GA-ASI was founded in 1993 and has become a leader in the production of remote control systems for aircraft. The manufacturer also develops radars and optoelectronic flight control circuits. The successful team gained considerable experience working with 3D printing of polymers and began to master new materials.
Already in 2019, the company developed a roadmap. AddWorks, specializing in 3D printers. A wide range of engineering and consulting services, development of projects for the industrialization and validation of materials for titanium.
In collaboration with scientists, NASA's first prototype inlet was created using three-dimensional printing. Additionally, some applied innovations were tested and qualification works were performed.
Once vital ecosystems have been developed for use as minerals.
Successful partnerships accelerate the additive production of metal laser powders and improve product qualifications.
AddWorks has developed step-by-step instructions for implementing 3D printing. The company provided a wide range of engineering consulting services, so the first 3D metal part “took off” in 8 months.
Time and cost saving
After evaluating the criticality of the details and the effectiveness of the entry system, NASA was identified as a powerful business case for SkyGuardian programs. NASA's air intakes, US aeronautical committees, use various types of aircraft and public transportation. The AddWorks team confirmed the technology’s and production availability of the item
Implementation of many years of experience in the application of metal and optimal additive manifestations.
A component has been added that provides significantly lower weight and cost of schemes compared to classical production, requiring large titanium sheet sizes and complex welding. The entrance to NASA is now made as a single element, metal 3D printing on a laser machine. M2 requires 90% of the cost of each part, and 30% of the volume and 85% less equipment.

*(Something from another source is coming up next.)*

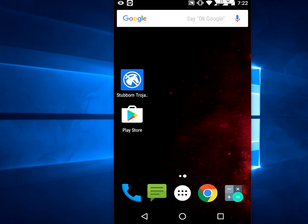Hi there, welcome to MJTube. In this video, I will be showing you how to scan and remove viruses from your Android device. There are many applications available in the Google Play Store — I am using one of the best.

Consolidating the number of parts has many advantages:
- reduction in procurement costs;
- reduction of assembly time and control;
- supply chain simplification.
The 3D printed metal parts are excellent in hard molds. The mechanical properties are the same as those of traditionally manufactured components. Range of operation is from -60 to +107 ° C.

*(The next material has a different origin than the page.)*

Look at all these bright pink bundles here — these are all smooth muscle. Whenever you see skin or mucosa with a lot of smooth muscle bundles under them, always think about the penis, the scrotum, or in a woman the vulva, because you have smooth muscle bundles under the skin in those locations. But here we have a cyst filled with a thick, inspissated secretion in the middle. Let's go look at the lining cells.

After completing the test flight, GA-ASI placed an order for the installation of GE Additive Concept Laser devices of the M2 5 series in the new California center for additive design and production. The expansion of their own printing capabilities has led to the development of application space.
The AddWorks team has been appointed by GA-ASI's trusted advisors and continues to research the advancement of metal additives for further scaling.
Entrance NASA unique piece printed on a metal printer entered the final qualification phase of the SkyGuardian program.